## Exercise details
Starting with the line with "Close-up of brown" in the entries below and going on through the line with "This photo taken", output every line exactly and nothing more. No pictures.

## Records
::::::::::
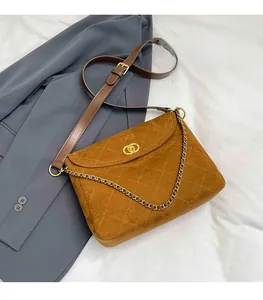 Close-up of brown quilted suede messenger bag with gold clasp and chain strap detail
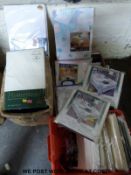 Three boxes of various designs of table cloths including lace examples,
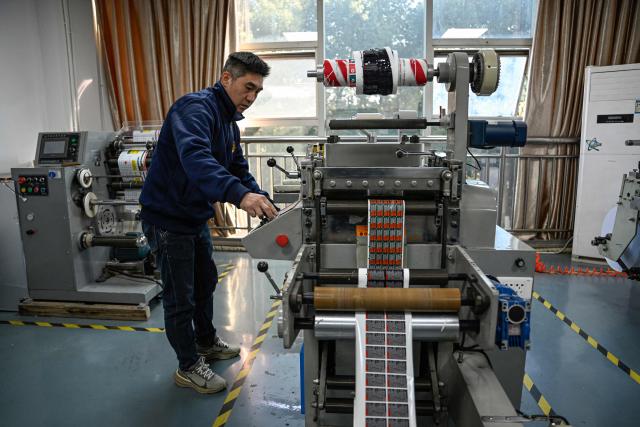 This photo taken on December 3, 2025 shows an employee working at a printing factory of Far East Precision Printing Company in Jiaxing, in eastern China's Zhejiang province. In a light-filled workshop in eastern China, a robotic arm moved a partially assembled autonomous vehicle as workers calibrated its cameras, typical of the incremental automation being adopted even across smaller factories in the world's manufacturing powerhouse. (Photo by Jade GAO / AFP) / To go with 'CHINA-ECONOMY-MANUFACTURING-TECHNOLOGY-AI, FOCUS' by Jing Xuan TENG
::::::::::
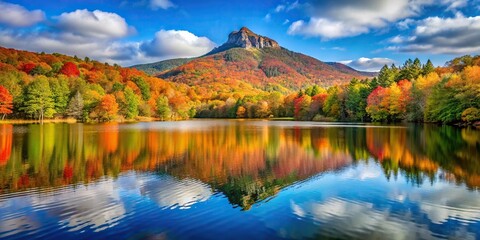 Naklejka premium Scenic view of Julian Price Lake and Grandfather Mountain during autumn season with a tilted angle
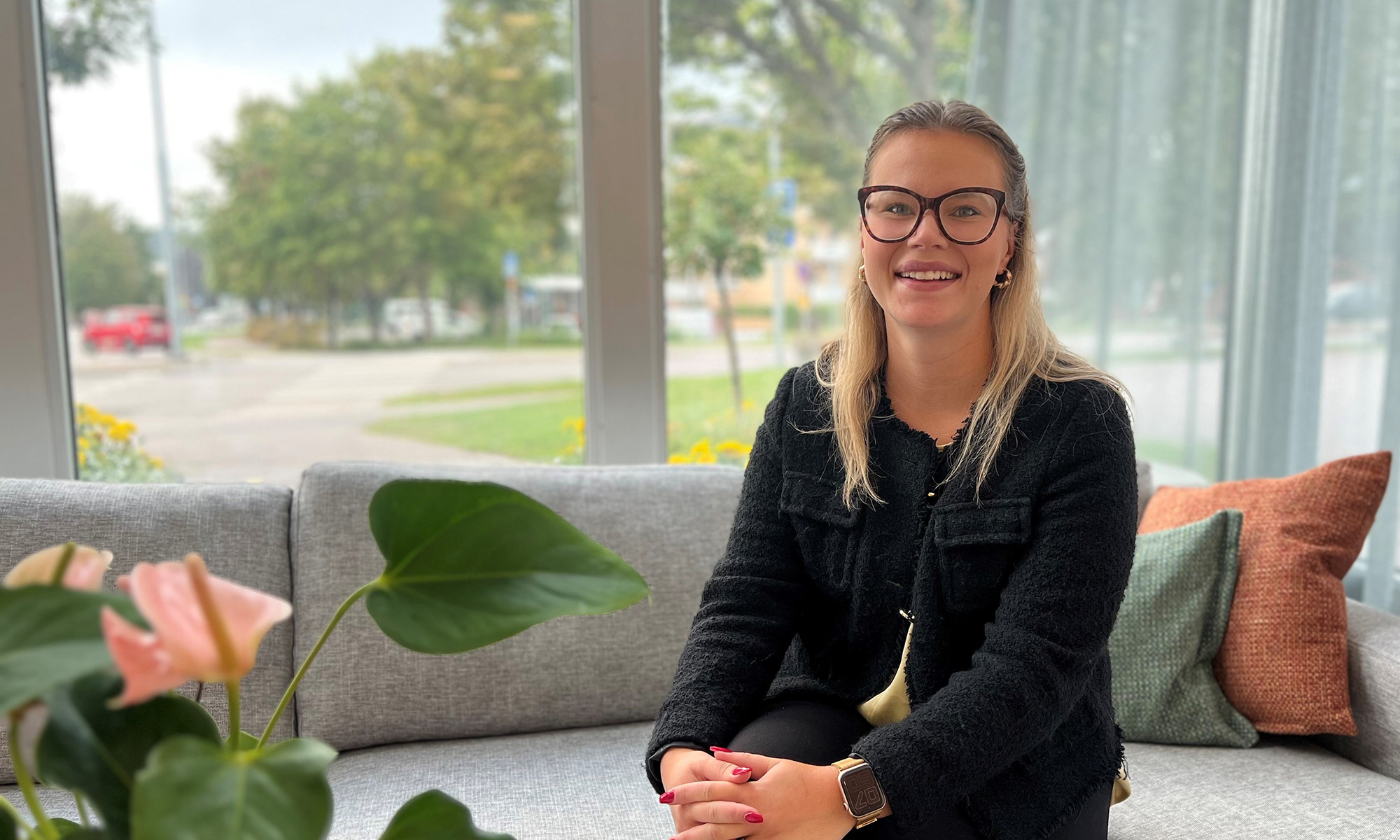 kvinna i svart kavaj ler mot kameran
::::::::::
## Solved problem
 Close-up of brown quilted suede messenger bag with gold clasp and chain strap detail
 Three boxes of various designs of table cloths including lace examples,
 This photo taken on December 3, 2025 shows an employee working at a printing factory of Far East Precision Printing Company in Jiaxing, in eastern China's Zhejiang province. In a light-filled workshop in eastern China, a robotic arm moved a partially assembled autonomous vehicle as workers calibrated its cameras, typical of the incremental automation being adopted even across smaller factories in the world's manufacturing powerhouse. (Photo by Jade GAO / AFP) / To go with 'CHINA-ECONOMY-MANUFACTURING-TECHNOLOGY-AI, FOCUS' by Jing Xuan TENG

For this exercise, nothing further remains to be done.